Üstelik kış mevsimi olduğundan, kendileri üşüyüp titremekte ve hayvanları yiyecek yem bulamayıp ölmeye başlayınca şaşıp kalmışlardı. Kısacası arada hendek bulunduğundan iki ordu birbiriyle çarpışamayıp, sadece karşılıklı ok atmaktaydılar.
Fakat Amir İbni Lueyy soyundan Amr İbni Abdivedd adlı yaman süvari, Beni Mahzum’dan İkrime İbni Ebu Cehil, Hübeyre İbni Ebu Vehb, Nevfel İbni Abdullah İbni Mugire, Hazreti Ömer’in biraderi olan Dırar İbni’l-Hattab ve Mirdas İbni Muharib adlı süvariler, atlarını zorlayıp hendeğin dar bir mahallinden beri tarafa atladılar.
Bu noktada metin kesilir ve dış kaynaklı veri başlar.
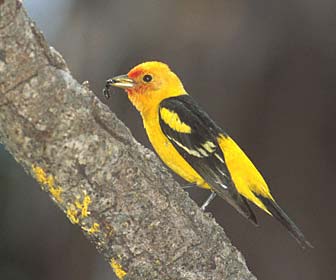 Western Tanager (Piranga ludoviciana) photo image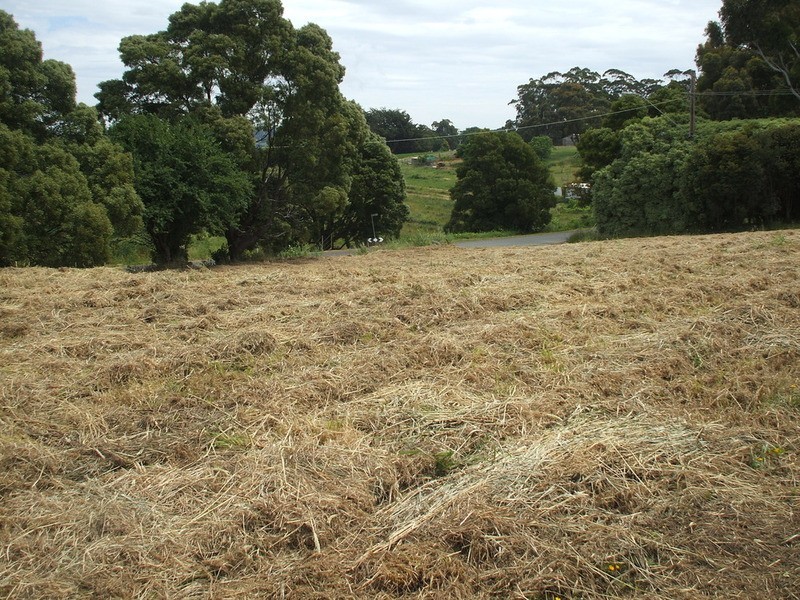 43 Giles & 7 Peters Street, Mirboo North VIC 3871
Ebu Süfyan ile Halid İbni Velid de onlara arka olmak üzere bir bölük müşrik ile hendek kenarına kadar geldiler fakat hendeği geçemeyip öte tarafta seyirci gibi durdular.
Amr İbni Abdived arkadaşlarından ayrılarak atını ileri sürüp er diledi. Amr, pek çok hadise görüp geçirmiş, düşmanlarına üstün gelmiş ve yalnız başına nice toplulukları vurup dağıtmış, dengi yok bir yiğit ve silahşorlukta usta bir süvari idi. Bütün Arap kabileleri, onu bir bölük süvariye bedel sayarlardı. Onunla dövüşmek, aslan ile pençeleşmek gibi olup, buna da çok üstün bir cesaret ve cüret gerek idi. Bunun için kimse ona karşı çıkmaya yeltenmedi.
Resulullah’ın Aslanı Hazreti Ali, “Ona karşı ben çıkarım ey Allah’ın resulü.” deyince, Resul-ü Ekrem, “Sen otur ey Ali! Gelen Amr’dır!” diye buyurdu. Amr tekrar Müslümanlara meydan okudu ve “İçinizde dövüş meydanına çıkacak er yok mudur? Hani sizin ölülerinize vadettiğiniz cennet nerede?” dedi. Hazreti Ali tekrar çıkmak istedi. Resul-ü Ekrem yine izin vermedi. Amr ise büsbütün şımardı ve “Er meydanına çıkacak kimse yok mu?” diyerek üst perdeden bağırdı. Bunun üzerine Hazreti Ali, “Amr da olsa çıkarım ey Allah’ın resulü!” diyerek yerinden kalkınca, Resul-ü Ekrem kendi zırhını ona giydirdi ve Zülfikâr denen kılıcını onun beline kuşattı ve “Ya Rabbi, amcam Ubeyde Bedir’de ve amcam Hamza Uhud’da şehit oldular. Yanımda bir amcamın oğlu Ali kaldı. Sen onu koru. Beni yalnız bırakma.” diye dua etti.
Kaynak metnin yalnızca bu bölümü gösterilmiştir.